ISSUE: What markets will experience growth in the demand for video surveillance during the next year?

SOLUTION: Over the past few years, installations of video products have been red-hot, and that trend will continue into the new year. Schools, universities and municipalities are leading the way in the installation of large-scale video surveillance systems. And as video technology becomes less expensive, expect to see even more use of video systems in residential security.

The education market has increased the use of security equipment across the board, with administrators implementing not just cameras but also access control and mass notification systems. A federal law that went into effect last August requiring universities to notify students and staff when an emergency situation occurs on campus is driving sales of mass notification systems.

Small businesses will be using video technology to a greater extent. Managers can monitor their business for security threats, check that company procedures are being adhered to and gauge staff levels. The use of cameras allows business owners to remotely monitor situations when traveling or from home. The cameras also can provide video verification of alarms and can help save hundreds of thousands of dollars in false alarm fines.

Another big implementer of video surveillance is city governments looking to safeguard shopping and entertainment districts, parking lots and parks. Mesh networking is one way to transmit the video data back to a central security center without expensive trenching and cabling. The technology has been installed in cities across the country. I expect this part of the industry to grow substantially in 2009.

ISSUE: What will drive security technology innovation in 2009?

SOLUTION: A major driver of other new security equipment and technologies is the involvement of the corporate IT department, which is looking for open architecture- based systems to run over a network. This convergence of physical and logical security is affecting access control systems. Web-based access systems eliminate the need for separate security servers. By using the corporate network, it is now possible to eliminate expensive, on-site equipment and let the system run over the Internet.
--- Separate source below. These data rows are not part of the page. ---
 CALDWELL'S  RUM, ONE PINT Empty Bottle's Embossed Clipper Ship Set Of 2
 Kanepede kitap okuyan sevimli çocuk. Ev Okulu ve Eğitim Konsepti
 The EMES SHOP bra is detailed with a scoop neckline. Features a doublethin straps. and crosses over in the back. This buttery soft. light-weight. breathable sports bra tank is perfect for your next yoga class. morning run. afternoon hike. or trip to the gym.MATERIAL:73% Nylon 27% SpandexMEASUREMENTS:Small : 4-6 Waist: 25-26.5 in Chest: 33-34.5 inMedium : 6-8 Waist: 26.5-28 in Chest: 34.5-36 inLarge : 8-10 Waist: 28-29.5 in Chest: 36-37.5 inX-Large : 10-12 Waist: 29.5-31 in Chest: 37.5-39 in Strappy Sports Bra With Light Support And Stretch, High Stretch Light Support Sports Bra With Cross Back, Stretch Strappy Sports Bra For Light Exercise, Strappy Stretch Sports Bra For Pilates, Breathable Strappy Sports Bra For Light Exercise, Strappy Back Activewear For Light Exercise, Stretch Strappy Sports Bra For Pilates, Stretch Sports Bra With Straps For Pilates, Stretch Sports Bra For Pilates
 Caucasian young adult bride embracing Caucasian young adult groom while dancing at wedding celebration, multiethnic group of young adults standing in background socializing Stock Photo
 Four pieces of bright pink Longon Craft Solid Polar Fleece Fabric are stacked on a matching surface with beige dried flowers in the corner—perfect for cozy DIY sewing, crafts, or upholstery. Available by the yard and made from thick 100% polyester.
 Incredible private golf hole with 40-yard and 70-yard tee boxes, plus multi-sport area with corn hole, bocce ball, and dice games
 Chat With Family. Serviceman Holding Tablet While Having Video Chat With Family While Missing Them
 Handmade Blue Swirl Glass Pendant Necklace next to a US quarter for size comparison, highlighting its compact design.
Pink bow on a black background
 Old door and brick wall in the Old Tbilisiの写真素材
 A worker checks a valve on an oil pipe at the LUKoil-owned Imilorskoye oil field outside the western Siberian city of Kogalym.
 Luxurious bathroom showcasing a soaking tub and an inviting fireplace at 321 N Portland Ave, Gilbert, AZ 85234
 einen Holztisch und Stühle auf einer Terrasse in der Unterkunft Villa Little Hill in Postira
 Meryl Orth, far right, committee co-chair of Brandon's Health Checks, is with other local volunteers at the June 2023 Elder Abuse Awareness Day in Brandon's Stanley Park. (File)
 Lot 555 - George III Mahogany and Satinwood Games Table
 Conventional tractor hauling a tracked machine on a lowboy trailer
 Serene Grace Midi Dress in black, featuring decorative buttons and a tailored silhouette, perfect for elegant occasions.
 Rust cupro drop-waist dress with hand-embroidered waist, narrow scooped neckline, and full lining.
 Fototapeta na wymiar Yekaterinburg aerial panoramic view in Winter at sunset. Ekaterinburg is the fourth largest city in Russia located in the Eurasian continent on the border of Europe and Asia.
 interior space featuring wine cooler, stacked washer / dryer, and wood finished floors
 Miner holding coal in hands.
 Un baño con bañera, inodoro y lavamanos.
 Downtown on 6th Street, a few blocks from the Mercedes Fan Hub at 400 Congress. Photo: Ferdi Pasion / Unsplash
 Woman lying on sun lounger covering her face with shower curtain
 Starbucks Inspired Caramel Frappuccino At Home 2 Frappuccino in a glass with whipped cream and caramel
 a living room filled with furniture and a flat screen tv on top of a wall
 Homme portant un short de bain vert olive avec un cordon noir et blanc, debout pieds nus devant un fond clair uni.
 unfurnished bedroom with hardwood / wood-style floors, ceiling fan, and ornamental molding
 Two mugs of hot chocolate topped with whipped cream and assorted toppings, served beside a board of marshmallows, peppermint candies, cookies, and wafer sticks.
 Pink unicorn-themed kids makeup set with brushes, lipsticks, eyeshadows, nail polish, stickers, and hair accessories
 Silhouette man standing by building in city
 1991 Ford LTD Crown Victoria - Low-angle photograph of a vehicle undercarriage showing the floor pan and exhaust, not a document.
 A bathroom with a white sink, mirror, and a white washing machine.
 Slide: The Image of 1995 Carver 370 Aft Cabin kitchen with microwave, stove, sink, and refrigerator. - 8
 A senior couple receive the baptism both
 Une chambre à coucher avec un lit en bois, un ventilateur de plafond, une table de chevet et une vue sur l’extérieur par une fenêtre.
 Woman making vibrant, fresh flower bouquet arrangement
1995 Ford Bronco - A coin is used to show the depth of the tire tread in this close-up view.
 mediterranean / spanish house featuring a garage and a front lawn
With so many new products and applications, it is important to find a security integrator that is up-to-date on the technology, has a qualified IT staff and can evaluate the right technology to use.

READER QUESTION: I am a security director of a large company that uses 20 cameras to monitor our perimeter and parking lot. I want to upgrade our old security system that still uses analog cameras and VCRs to collect video data. I eventually want the system to include IP cameras and NVRs; however, we can’t afford to make that full transition yet. Where should I start?

SOLUTION: This is a common issue for customers who have existing systems (usually with late-generation analog or first-generation digital cameras) that they need to future-proof by moving them to third-generation digital platforms.

Most new high-quality DVR platforms allow for hybrid connectivity, meaning you can connect traditional analog cameras via standard BNC connectors to capture cards and add direct IP or PoEenabled cameras directly through the network. The Integral DS1000, RealView, Pelco 8100 and Intivid VIP X systems, among others, offer this capability.

The upgrade strategy for this type of system consists of replacing the existing VCR or first-generation DVR with a new hybrid recorder. As the existing cameras wear out, IP-based cameras can be deployed and connected via network cables to the new DVR. This strategy will minimize the initial capital expenditure and spread future investments out.

Once all of the existing analog cameras are replaced, the DVR essentially becomes an NVR as it is no longer directly connected to any cameras. The products mentioned above have remote management software for both security and system management that are easy to use and manage bandwidth efficiently (a major aspect of network-based systems).